- DATA SEGMENT
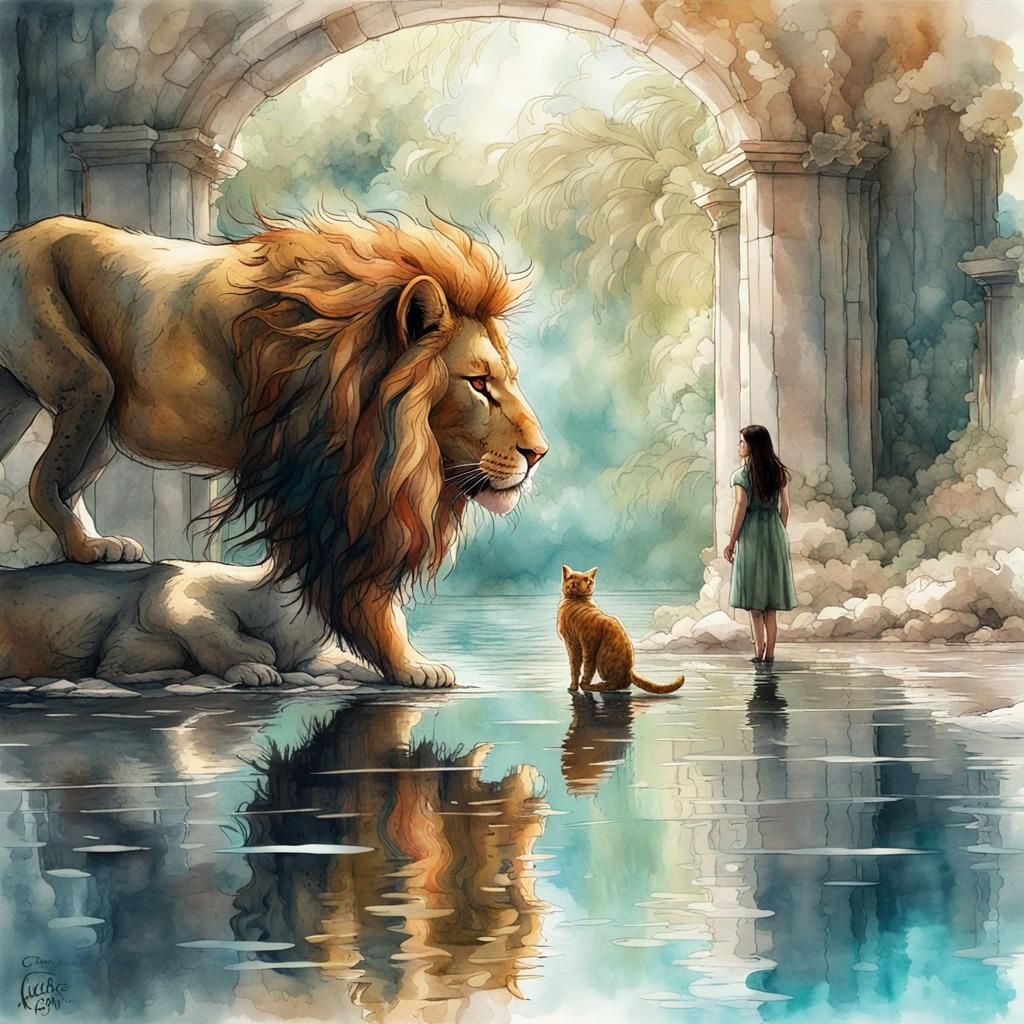 Cat and Lion Water Reflection in Watercolor Style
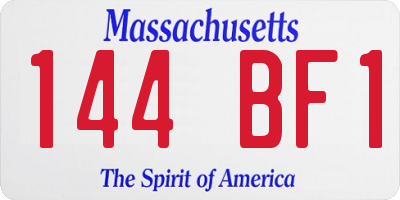 MA license plate 144BF1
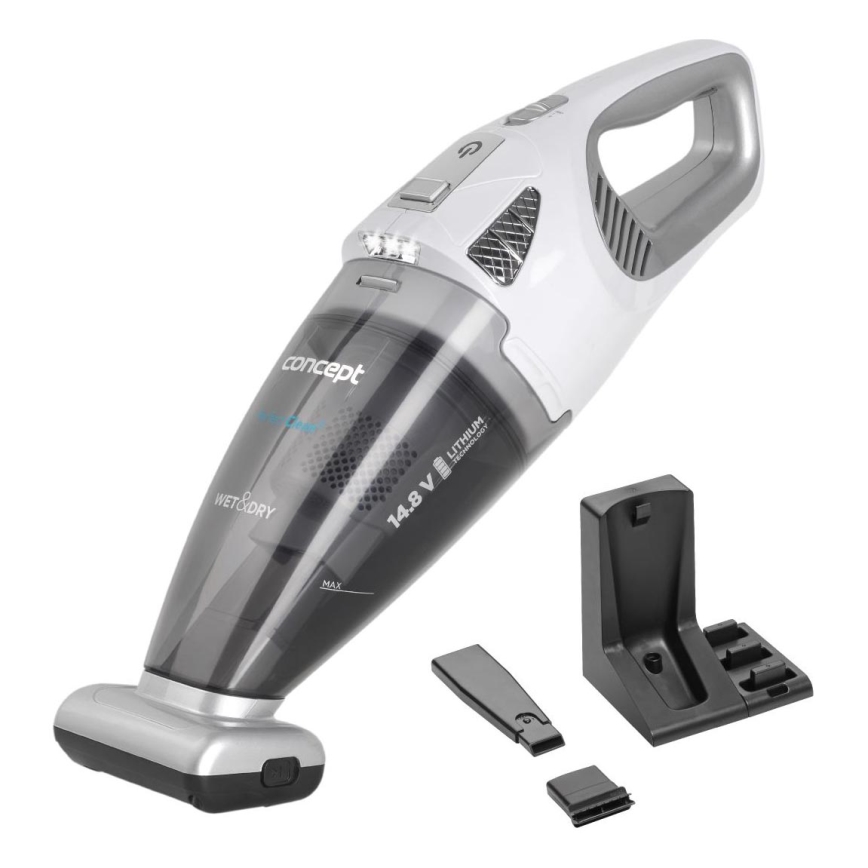 Concept VP4370 - Handhållen dammsugare WET & DRY PERFECT CLEAN 90W/14,8V 2200 mAh vit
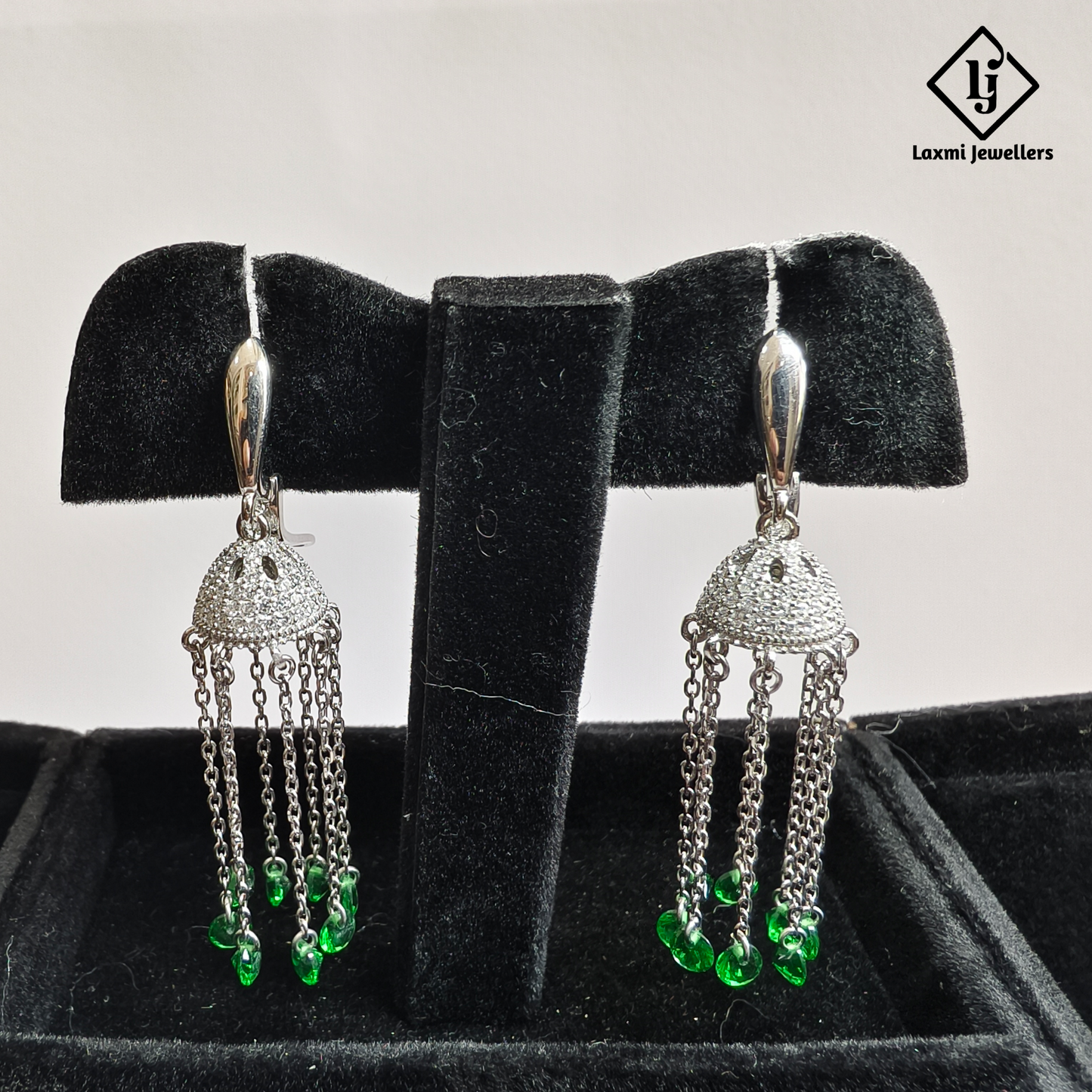 925 Sterling Silver Green Beads Jhumka Drop Earrings for Women | Designer Chain Tassel Earrings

- PROBLEM
Retype only the lines above from the one with "MA license plate 144BF1" through the last, both ends included, keeping every picture out of the copy.

- WRITTEN ANSWER
 MA license plate 144BF1
 Concept VP4370 - Handhållen dammsugare WET & DRY PERFECT CLEAN 90W/14,8V 2200 mAh vit
 925 Sterling Silver Green Beads Jhumka Drop Earrings for Women | Designer Chain Tassel Earrings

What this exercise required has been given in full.